/datahub-test-bed

Primary LanguagePythonApache License 2.0Apache-2.0

Data Hub Testbed

Overview

The data hub testbed can be used to evaluate the compliance of an S3-compatible object storage with regard to the requirements for up and downloading files.

It provides key metrics such as elapsed duration and average file part processing time. These metrics are logged and displayed in the terminal. An important note is that the terms "upload" and "download" refer to "Encryption and Upload" and "Download and Decryption", respectively. Additionally, the script does not perform any kind of file cleanup or removal upon completion. Please keep this in mind when running the script consecutively.

Prerequisites

Before running this test, your data hub should fulfill the following requirements:

  • An S3-compatible Object Storage is running and available via network.
  • A DevOps engineer who is familiar with the S3 API and basic unix administration is available to assist with the execution of this test bed.
  • An empty bucket has been created that can be used for this test.
  • S3 credentials are available to access this bucket with read and write permissions.
  • A UNIX machine with access to the Object Storage API is available with Python 3.9 and pip installed.

Troubleshooting and reporting issues:

  • Please first make sure that your configuration file is correct.
  • Check that your S3 Object Storage is accessible and your credentials are valid for depositing files to the corresponding bucket. To do so, we recommend using a tool such as WinSCP or FileZilla.
  • Check that the machine running the script can reach the S3 API by running e.g.: curl <path to the s3 api>
  • Consult your local administrator of the S3 API.
  • If you have ruled out the possibility that the failure happens due to your local setup, please open an issue in this repository.

Installation

  1. Git clone this repository and navigate with the terminal into the repository.
  2. Create a python virtual environment and activate it (for instruction see here).
  3. Install dependencies using pip: pip install -r ./requirements.txt
  4. Validate that the script is ready: ./src/s3_upload_test.py

Configuration

Configuration parameters for this script are provided using a YAML file (e.g., config.yaml). This file should include the following fields:

  • s3_endpoint_url: The endpoint to be used for S3 API calls within the script.
  • s3_access_key_id: The globally unique IAM user ID for the S3 instance.
  • s3_secret_access_key: The secret access key associated with the above access key ID.
  • bucket_id: The ID of the S3 bucket. Please note, this ID cannot contain underscores.
  • part_size: The default file part size in MiB for multipart file transfer.
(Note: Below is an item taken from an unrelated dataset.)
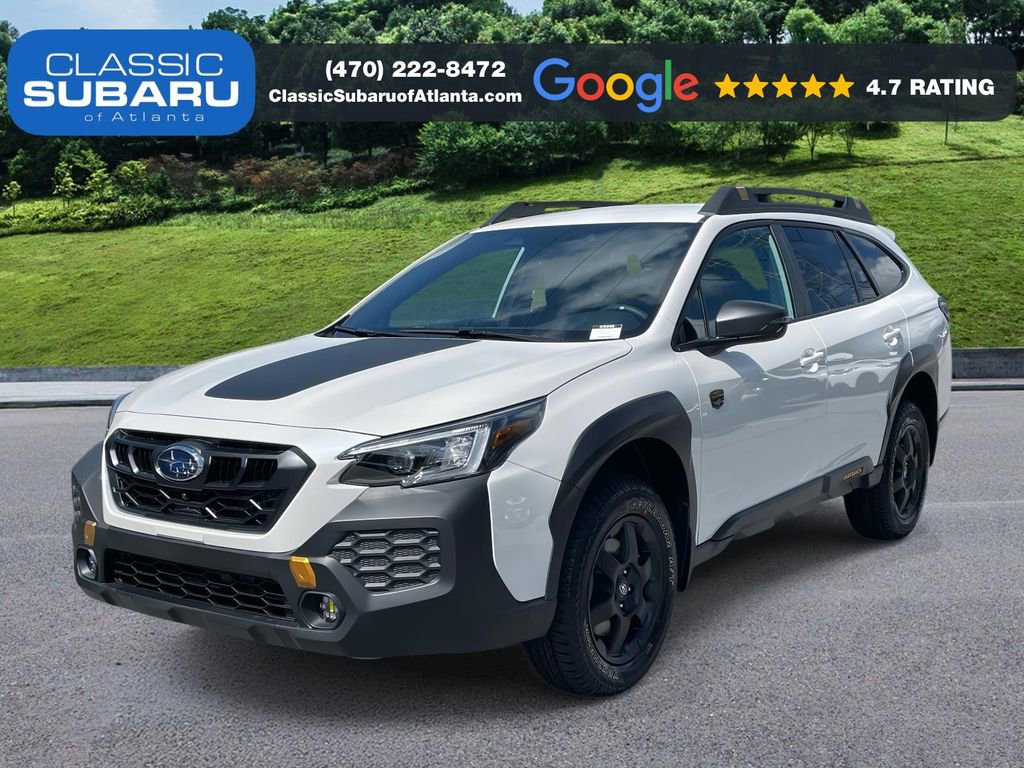 New 2025 Subaru Outback Wilderness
Here's a sample configuration that can be adapted for your needs:

s3_endpoint_url: http://localstack:4566
s3_access_key_id: test_access_key
s3_secret_access_key: test_secret_key
bucket_id: test-bucket
part_size: 16

Usage:

Once you have prepared the configuration file, you can run the script using the following command:

./src/s3_upload_test.py --input-path="path/to/file" --config-path="path/to/config_file" -v

Command Line Arguments

Required:

  • --input-path: Specifies the path to the file you want to upload.
  • --config-path: Specifies the path to the file containing the required S3 configuration values.

Optional:

  • --verbose, -v: Enables verbose mode, which displays logs for individual file parts.
  • By default, these logs are hidden.

Example:

For example, if the file to be uploaded is located at /home/files/data.txt and the config file is located at /home/files/config.yaml, the command to run the script would be:

The exact command to run the script would be:

./src/s3_upload_test.py --input-path="/home/files/data.txt" --config-path="/home/files/config.yaml"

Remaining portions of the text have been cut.